When most of us look at a map of Auckland's railways, a spur line to the airport appears obvious and easy. The main line south runs through Wiri and its Puhinui Station is about 5km from the air terminals. A track could be laid through largely open land to the airport perimeter. What could be simpler?
Alas, simple solutions seem not to be welcome in the organisations charged with planning Auckland's transport. There are at least three of them: the Auckland Council, the Wellington-based NZ Transport Agency and Auckland Transport, which does the contracting of the city's bus, train and ferry services. All of them agree a rail service to the airport is desirable but when they contemplate routes they have usually envisaged an extension of the Onehunga spur which goes to the small port on the Manukau.
That would require 7km of track crossing the harbour by bridge or tunnel and clearing a path through built-up Mangere. How that could possibly be preferred to a 5km line through the green fields of Puhinui has been just one of the mysteries of Auckland planning. Now it has been superseded by a pearler from Wellington. The NZTA no longer favours a dedicated railway to the airport on any route. It has decided "light rail" is the answer, or maybe small driverless buses.

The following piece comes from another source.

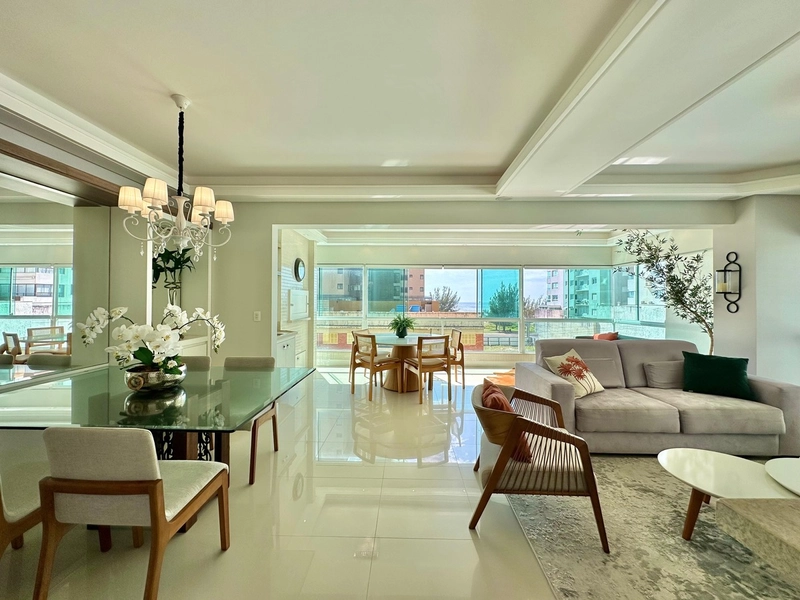 APARTAMENTO MOBILIADO E DECORADO COM DUAS VAGAS DE GARAGEM!: 4ª foto da galeria de imagens do imóvel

Both of these could use existing roads. Light rail are modern trams that trundle along the centre of roads, stopping at intersections like the rest of the traffic as well as at their platforms. They are not quick. Auckland Transport also likes light rail, proposing to run it from the city centre to the nearer central and western suburbs using Dominion Rd.
NZTA imagines the Dominion Rd track continuing to the airport, presumably along the southwestern motorway. Even avid rail advocates such as Auckland Council's infrastructure committee chairman, Mike Lee, and Cameron Pitches of the Campaign for Better Transport, struggle to share this vision. It is hard to imagine airline passengers with their weighty luggage getting on and off streetcars, easier to envisage them and their baggage finding room on trains.
Rail enthusiasts seem to have given up hope of a train service to the airport because a possible route from the airport northward to Onehunga has not been protected. But a route eastward to Puhinui Station could surely be designated. It is becoming important to do so without further delay. The airport company needs to know by next month what form of public transport to include in its plans for a new domestic terminal.
Ideally, those plans would include an underground rail terminal for a train line that would continue under the harbour inlet east of the airport, surfacing at Wiri on its way to meet the main trunk at Puhinui. That would open the possibility of trains to the airport not just from Auckland but Waikato and the Bay of Plenty. The only reason light rail is now preferred, according to the Auckland Transport Alignment Project agreed between Auckland Transport and the NZTA, is that route protection for "heavy rail" would be expensive. They are looking at the wrong route.